• **Material for this exercise**:

"""

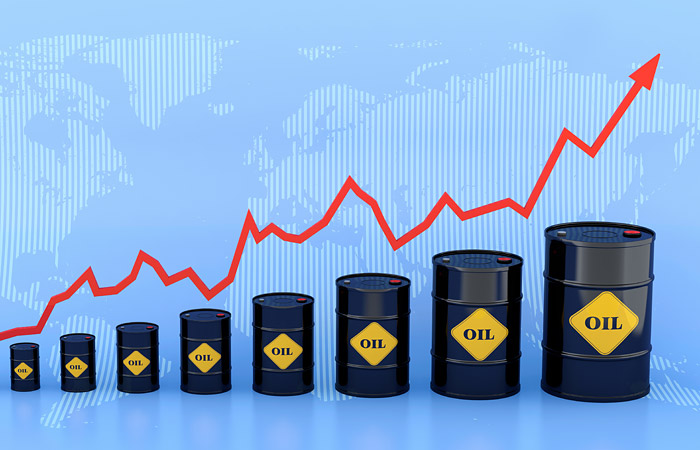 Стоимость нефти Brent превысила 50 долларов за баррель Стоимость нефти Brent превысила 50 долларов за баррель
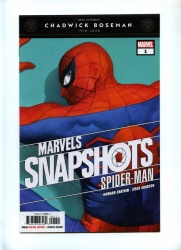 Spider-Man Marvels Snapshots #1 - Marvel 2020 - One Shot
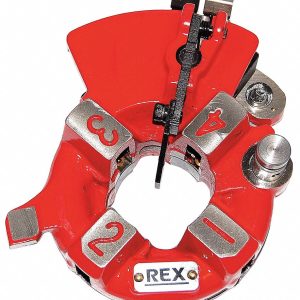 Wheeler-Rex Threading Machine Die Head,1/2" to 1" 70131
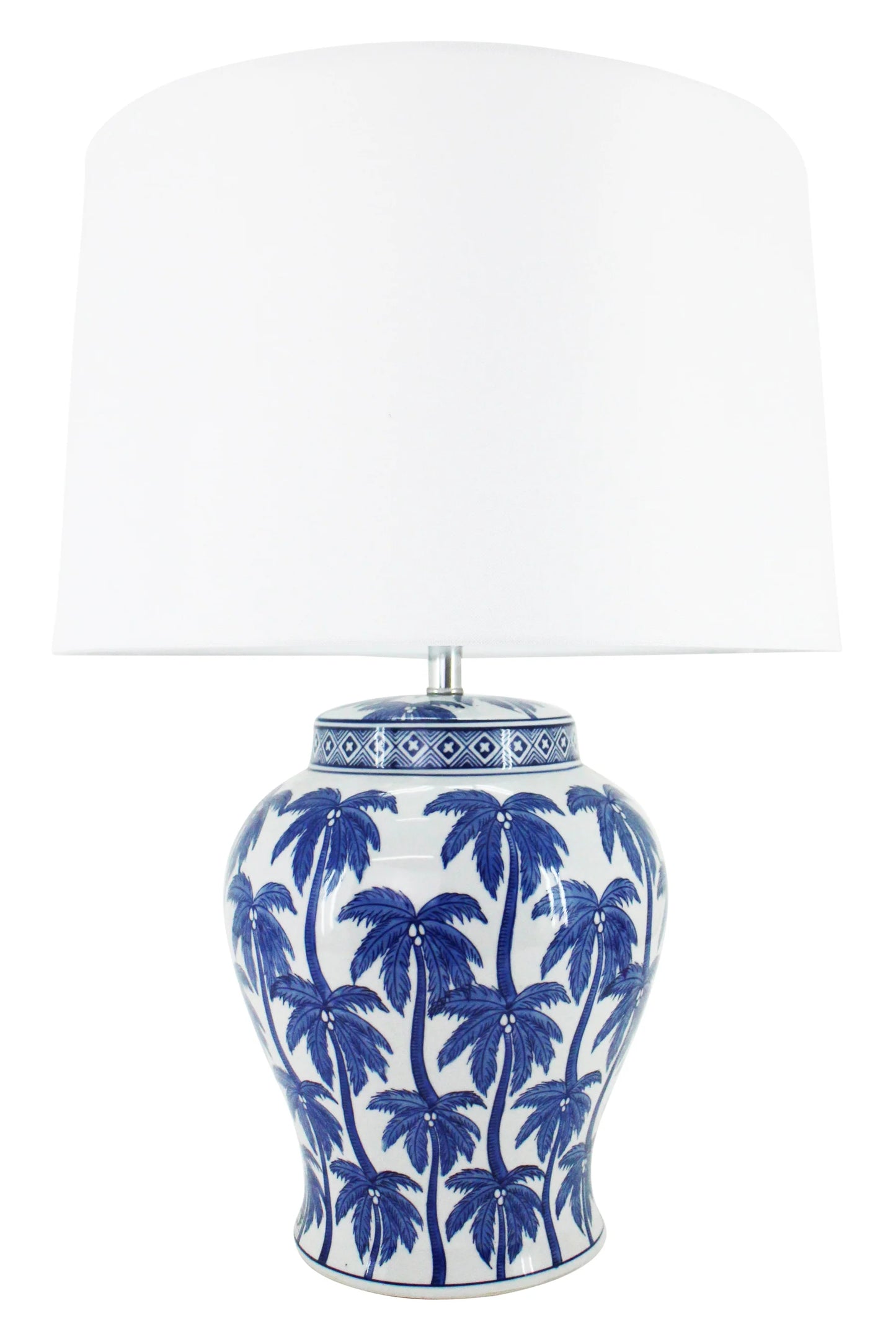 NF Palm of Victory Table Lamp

"""
"""

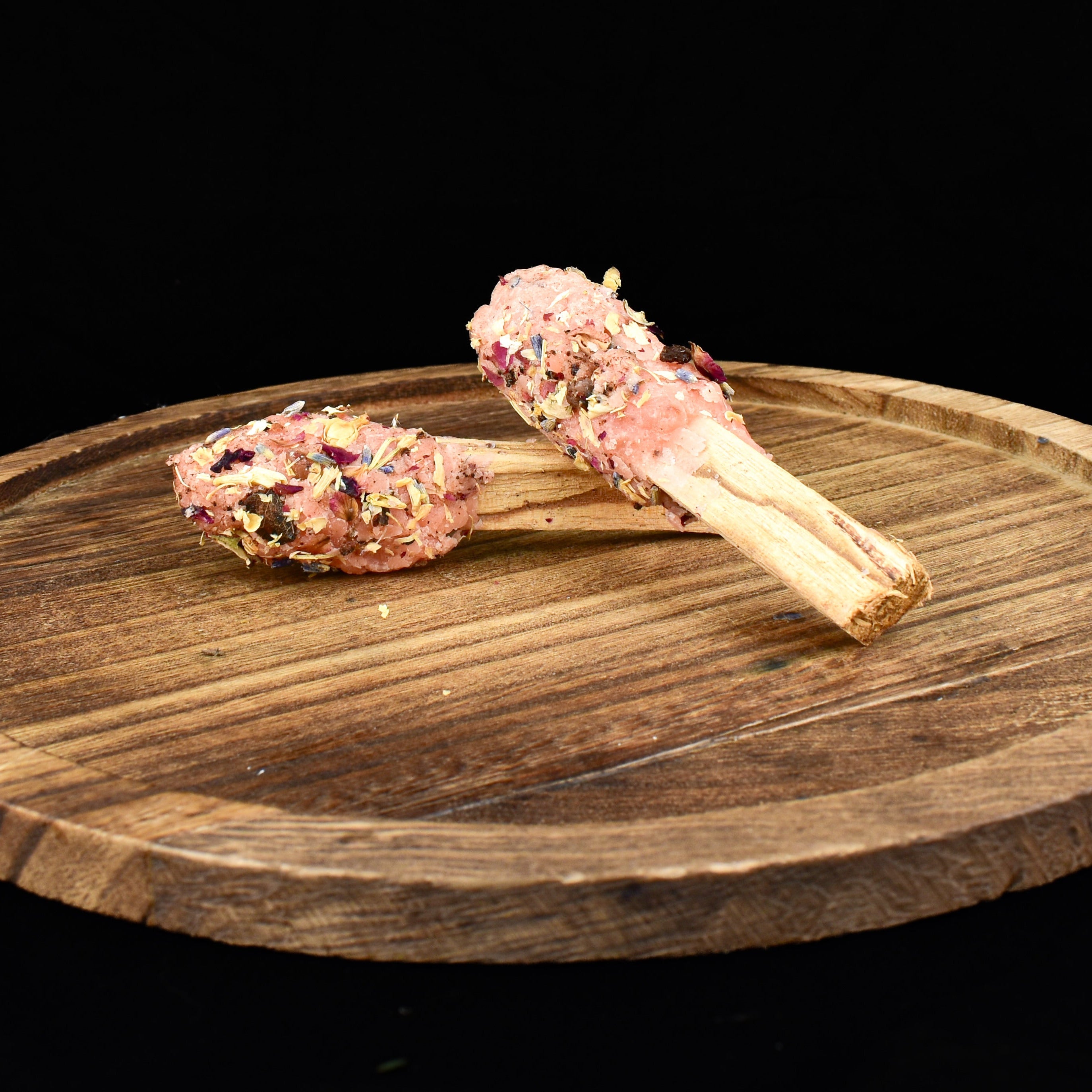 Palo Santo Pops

"""

• **Work to be completed**: Although the records above contain pictures, the copy should not; retype exactly the lines from the one containing "Spider-Man Marvels Snapshots" through the one containing "NF Palm of Victory Table Lamp".

• **Task response**:
 Spider-Man Marvels Snapshots #1 - Marvel 2020 - One Shot
 Wheeler-Rex Threading Machine Die Head,1/2" to 1" 70131
 NF Palm of Victory Table Lamp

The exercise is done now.